Salí con Rubio, que aún trataba de descifrar nuestro coloquio, y nos fuimos a tomar unas cervezas mientras le explicaba dónde andábamos y qué planeábamos para el día siguiente. Mi colega se mostró sorprendido por lo que nos había dado de sí el fin de semana.

– Cuando lo pienso, me parece que vivimos en un mundo raro de cojones -observó-. Olvídate de las técnicas y de las herramientas tradicionales. Cuando todo lo demás lo teníamos atorado, resulta que va Chamorro, se lanza al océano de Internet y da con el tipo. Y ahí está, hablando con él, y no sabemos desde dónde coño le escribe, pero no cabe duda de que ha establecido la conexión. Y ahora, para localizarle, la clave es que podamos rastrearle una huella electrónica.

– Pues ya ves, es lo que hay. A adaptarse.

– Yo tengo un chaval de seis años -dijo-. Dentro de otros seis, o de siete, ya estará ahí. Viviendo en un mundo que yo no sé si entiendo, que no sé si en general hemos acertado a entender aún, aunque ya todos vivamos en él, y cada día más metidos y más enredados.

– Mi chaval tiene doce. Así que sospecho que ya sabe más que yo. Pero la vida, en el fondo, siempre ha sido así. Tenemos hijos y los educamos para un mundo del que ignoramos casi todo. Vivir en esa perplejidad es la aventura que a nosotros nos hace levantarnos cada mañana. Ellos también tienen derecho a estar perdidos, ¿no crees?

– Pero da miedo, tío. Da miedo de que nos volvamos todos locos.

– Todos estamos locos ya. Eso no es demasiado grave. Lo grave es tener un cáncer de páncreas o una septicemia.

– Lo tendré en cuenta. Viniendo de un psicólogo…

– No confíes en ese título. El único importante me lo dan los años que llevo levantando muertos y enchiquerando a los que matan. Y que no es que me hayan enseñado a ser sabio, pero sí a no prejuzgar.

– ¿Tampoco prejuzgas a ese cabrón?

– Tampoco, compañero. Esperaré a verlo temblando delante de mí. O comoquiera que reaccione. Ésa es la hora de la verdad, y ése es nuestro privilegio, que compensa algo toda la mierda que nos comemos. Nosotros vemos a la gente en la hora de la verdad, sin los arreglos varios con que despistan a los demás sobre su auténtica condición.

– ¿Y crees que eso es un privilegio?

– Pues claro. La verdad os hará libres. ¿No?

– Ya ves tú lo libres que somos tú y yo. Aquí clavados, el domingo por la tarde, mientras todo Cristo anda viendo el partido.

– Mi cuerpo puede estar más prisionero, pero mi alma la siento un poco más libre que la de esos a los que mencionas.

– Claro, porque a ti el fútbol no te gusta.

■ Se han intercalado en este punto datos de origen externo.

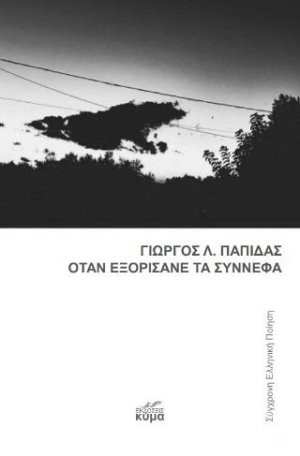 Όταν εξορίσανε τα σύννεφα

– Sí, eso también contribuye -reconocí.

Cuando regresamos, Chamorro y Tena seguían metidas en harina. En el momento en que hicimos acto de presencia, se oía decir a la más joven y bisoña de las dos, con voz entre traviesa y mimosa:

– Negro, con encajitos.

Chamorro alzó las cejas y colocó el índice formando una cruz con sus labios fruncidos. El ordenador hizo un ruido y Tena añadió:

– Bueno, dejan intuir lo más interesante.

Era un espectáculo digno de verse. Chamorro tenía que hacer grandes esfuerzos por no soltar una risotada. Sonó otra vez la musiquita del ordenador y Tena miró a Chamorro con gesto interrogativo. Mi compañera colocó sus dos manos abiertas delante de su pecho e hizo el ademán de acercarlas y después separarlas más de una cuarta, varias veces. Tena entendió el mensaje, como no podía ser menos.

– Una 95 -dijo.

En fin, aquello era una juerga en toda regla, pero no era de lo que se trataba. Me fastidiaba mucho tener que representar el papel de aguafiestas, y mucho más el de sargento-profesor regañando a las alumnas díscolas, pero me acerqué y le pedí a Chamorro el folio en el que estaba haciendo anotaciones. Cogí un bolígrafo y le escribí:

CORTA MICRO Y QUEDA MAÑANA, TARDE.

Puso morritos, como si le estuviera quitando un juguete. Le indiqué con la palma oblicua respecto de mi frente que era una orden. Lo captó y me devolvió el gesto. Escribió a toda prisa que alguien acababa de abrir la puerta y que tenía que cortar el micrófono, e hizo un clic.

En cuanto estuvo segura de que el otro ya no la oía, a Chamorro le entró la risa floja. Tena la secundó, aunque ruborizándose.

– De verdad, es que es un pardillo total -juzgó mi compañera, mientras seguía tecleando para concertar la cita del día siguiente.